A judge’s decision breathes new life into a voyeurism case against a former drama teacher.
Lawrence Dibble, a former theatre director at the Wellington School in Upper Arlington, is accused of secretly taping his former students in states of undress.
The case dates back to 2010 but appeared all but dead, when a judge ruled evidence in the case would not be allowed.
That evidence involved tapes seized using a search warrant by Upper Arlington Police at Dibble’s home.
The case took an abrupt turn, when the same judge who ruled the tapes were inadmissible in court, now says they were obtained legally.
Franklin County Common Pleas Judge Timothy Horton ruled Tuesday, while the warrant used in the case wasn’t sufficient, the officer was acting in “good faith” and the warrant is good.
The state appealed the judge’s first ruling to the state Supreme Court, which asked the judge to reconsider his decision.
His attorney says while he respects the judge decision, it was the wrong one, and argues his client’s 4th amendment rights were violated.
“I think the average person should be a little nervous.
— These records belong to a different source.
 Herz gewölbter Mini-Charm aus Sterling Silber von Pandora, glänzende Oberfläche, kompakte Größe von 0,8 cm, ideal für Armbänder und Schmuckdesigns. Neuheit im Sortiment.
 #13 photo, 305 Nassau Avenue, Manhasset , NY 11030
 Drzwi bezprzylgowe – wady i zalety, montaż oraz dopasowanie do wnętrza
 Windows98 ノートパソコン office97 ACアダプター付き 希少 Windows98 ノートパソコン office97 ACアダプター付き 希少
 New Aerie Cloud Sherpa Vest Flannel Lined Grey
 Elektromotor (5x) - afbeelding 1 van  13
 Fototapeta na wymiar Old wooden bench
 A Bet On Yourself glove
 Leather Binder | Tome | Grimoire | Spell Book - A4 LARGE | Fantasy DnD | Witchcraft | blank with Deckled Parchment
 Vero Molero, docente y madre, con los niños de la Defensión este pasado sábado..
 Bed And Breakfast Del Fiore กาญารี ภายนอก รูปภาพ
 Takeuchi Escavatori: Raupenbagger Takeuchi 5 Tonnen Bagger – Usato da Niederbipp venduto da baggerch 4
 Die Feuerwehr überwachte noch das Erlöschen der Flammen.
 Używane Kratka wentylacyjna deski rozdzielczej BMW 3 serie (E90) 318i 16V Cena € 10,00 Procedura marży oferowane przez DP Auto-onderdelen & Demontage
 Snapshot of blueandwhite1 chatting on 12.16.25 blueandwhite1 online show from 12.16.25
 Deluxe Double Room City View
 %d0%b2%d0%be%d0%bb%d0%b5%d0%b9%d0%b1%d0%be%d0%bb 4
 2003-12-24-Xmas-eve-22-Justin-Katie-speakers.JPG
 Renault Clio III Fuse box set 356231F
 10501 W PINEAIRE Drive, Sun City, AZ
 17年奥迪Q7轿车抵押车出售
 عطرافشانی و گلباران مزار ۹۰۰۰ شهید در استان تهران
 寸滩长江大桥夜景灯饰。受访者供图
The 4th amendment is there for a reason the cops just can't walk into your house unless they prove a crime has been committed or that there is evidence of a crime in there in this case,” said Chris Brown, Dibble’s attorney.
Franklin County Prosecutor Ron O’Brien said the judge’s ruling is rare.
“He should be commended for looking at it, because it’s difficult for a public official, and particularly a judge, to take a second view and reach a different conclusion, said O’Brien.
O’Brien says without the tapes, the case could not go forward.
A trial date is expected to be decided by the end of this week.